Recent increases in milk prices are not just a sign of where markets are going, but a sign that processors are concerned farmers may reduce supplies, ICMSA Dairy Committee Chairman Gerald Quain has said.

While welcoming the decision of Glanbia, Lakeland Dairies and Arrabawn to increase their milk prices, Quain said processors are now concerned that farmers might avail of the Voluntary Supply Reduction Scheme this autumn rather than produce milk.

“The mood music coming from milk processors has changed considerably since this scheme was announced on July 18 because they’re under pressure to secure supplies for the coming autumn.

“Markets have also bounced and farmers need to see these improvements immediately given the massive financial pressures they’re under right now”, he said.

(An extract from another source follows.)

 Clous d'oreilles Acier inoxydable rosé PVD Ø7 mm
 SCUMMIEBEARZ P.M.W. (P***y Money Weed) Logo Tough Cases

“Milk prices are going to have to increase across the board but the pressure is heaviest on those co-ops paying the lowest milk prices who’re going to have to move faster to catch up with those at the top.”

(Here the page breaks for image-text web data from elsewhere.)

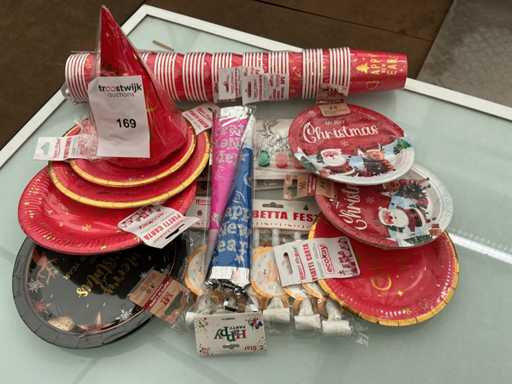 Party Weihnachten, Tischdekoration.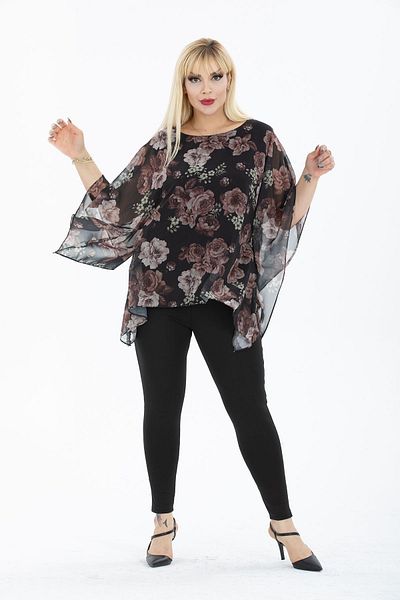 modayız Large Size Chiffon Blouse 3F-2439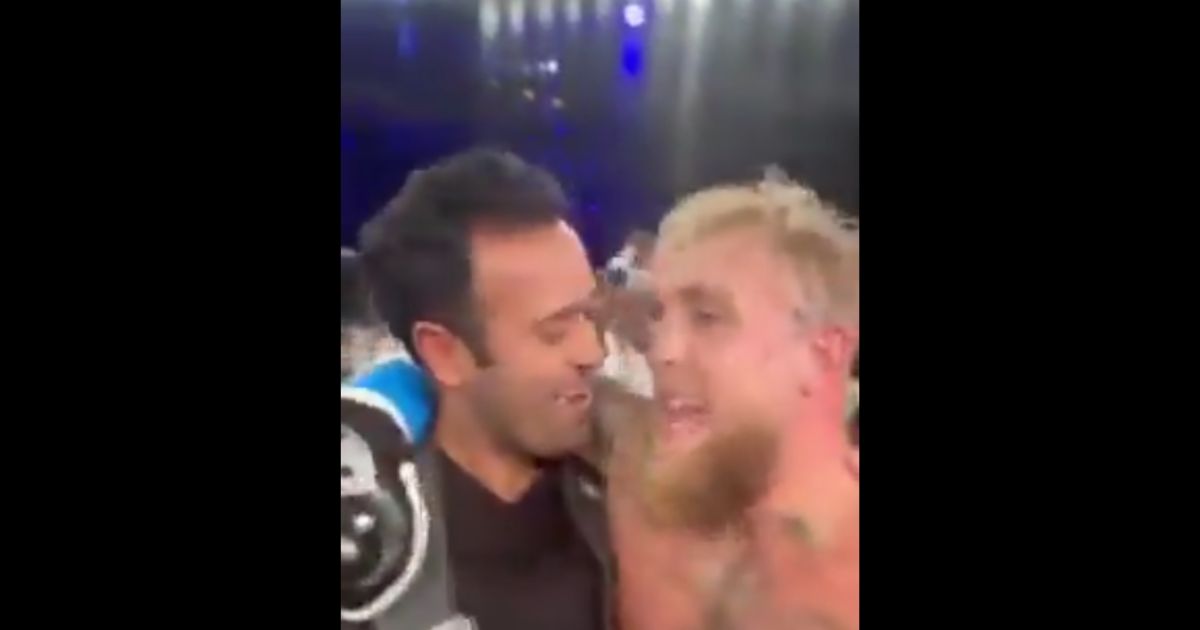 Presidential hopeful Vivek Ramaswamy is seen with YouTuber Jake Paul after a fight.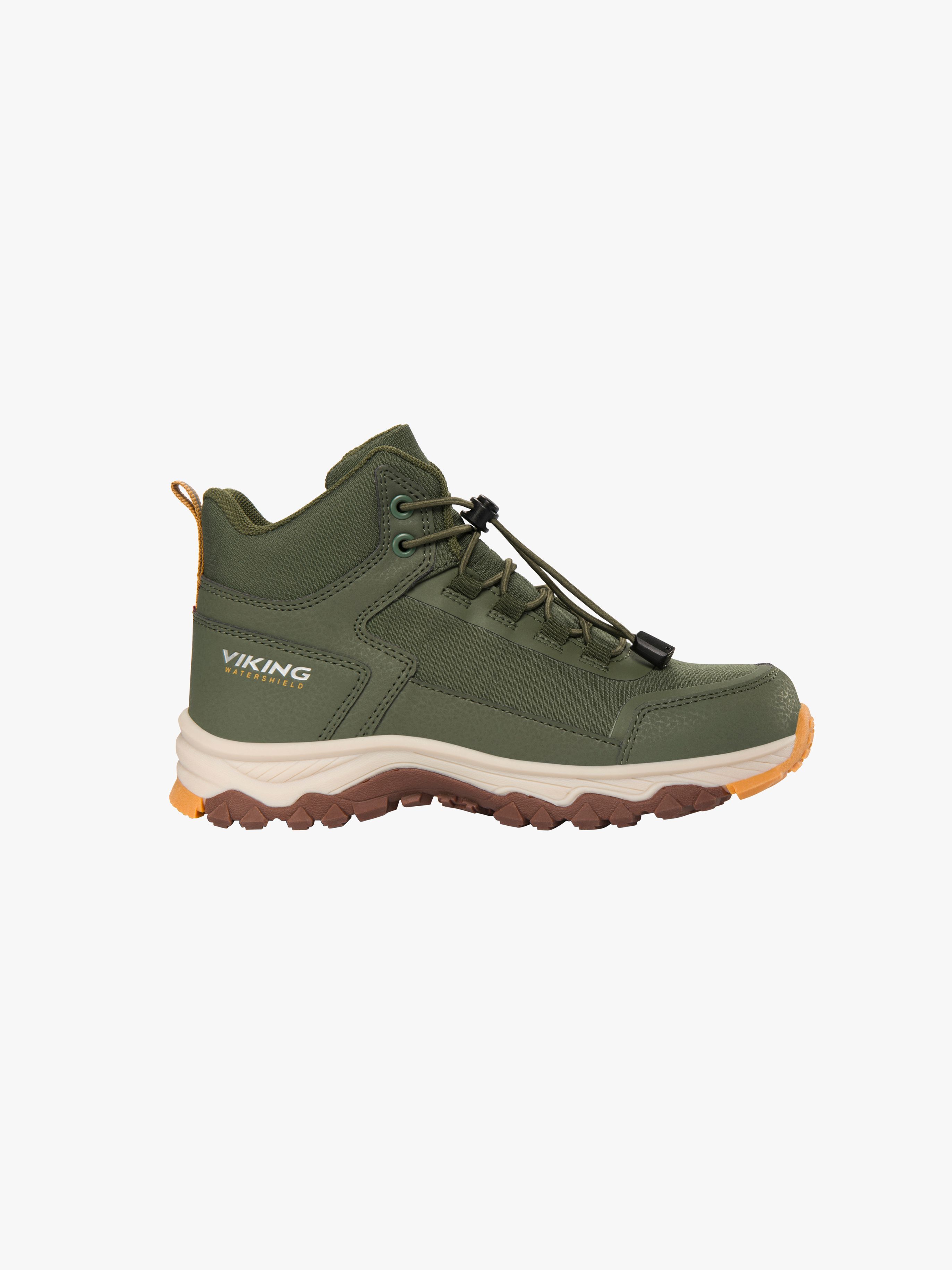 Viking Akkarvik Mid SL WP  Fodrade Sneakers, Green, 30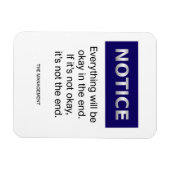 Alles wird okay merken lustig magnet (Horizontal)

A gap in milk prices at any stage is a major issue for suppliers but when prices are low the impact of such gaps becomes even greater and more urgent.

He also called on Aurivo, Dairygold and Kerry to reflect market returns in their prices and said the boards of these co-ops need to immediately move to close the gaps with the top paying co-ops.

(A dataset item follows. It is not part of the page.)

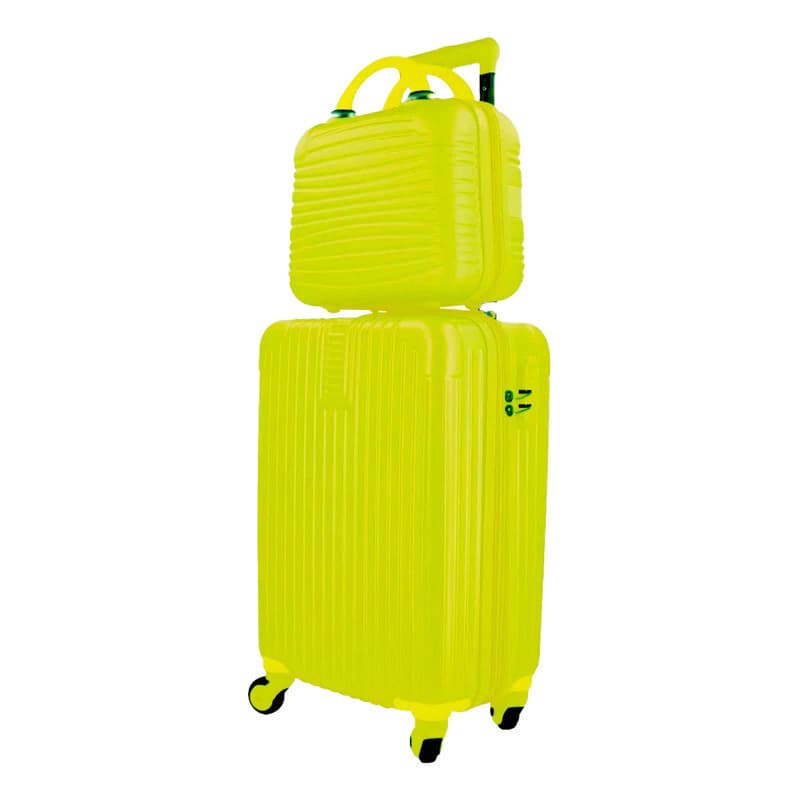 Set Valija Carry On Cabina Con Ruedas + Mini Valija De Viaje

“The Ornua index is returning a milk price of 23c/L and no co-op should be below this level at this time.  Frankly, farmers are sick of listening to certain co-ops alleging that others are cross-subsidising milk price as a justification for their own low prices – especially when they can see some of the better payers don’t have any ancillary businesses that they could use to cross-subsidise the milk price.”

Co-ops, he said, must grasp the fact that that farmers’ have an option this autumn not to produce milk and if they do not step up to the mark in terms of milk price immediately then farmers will draw the simple logical conclusion and cut back production.

“The first to feel that will be those co-ops that are paying an unjustifiably low milk at present,”  he warned.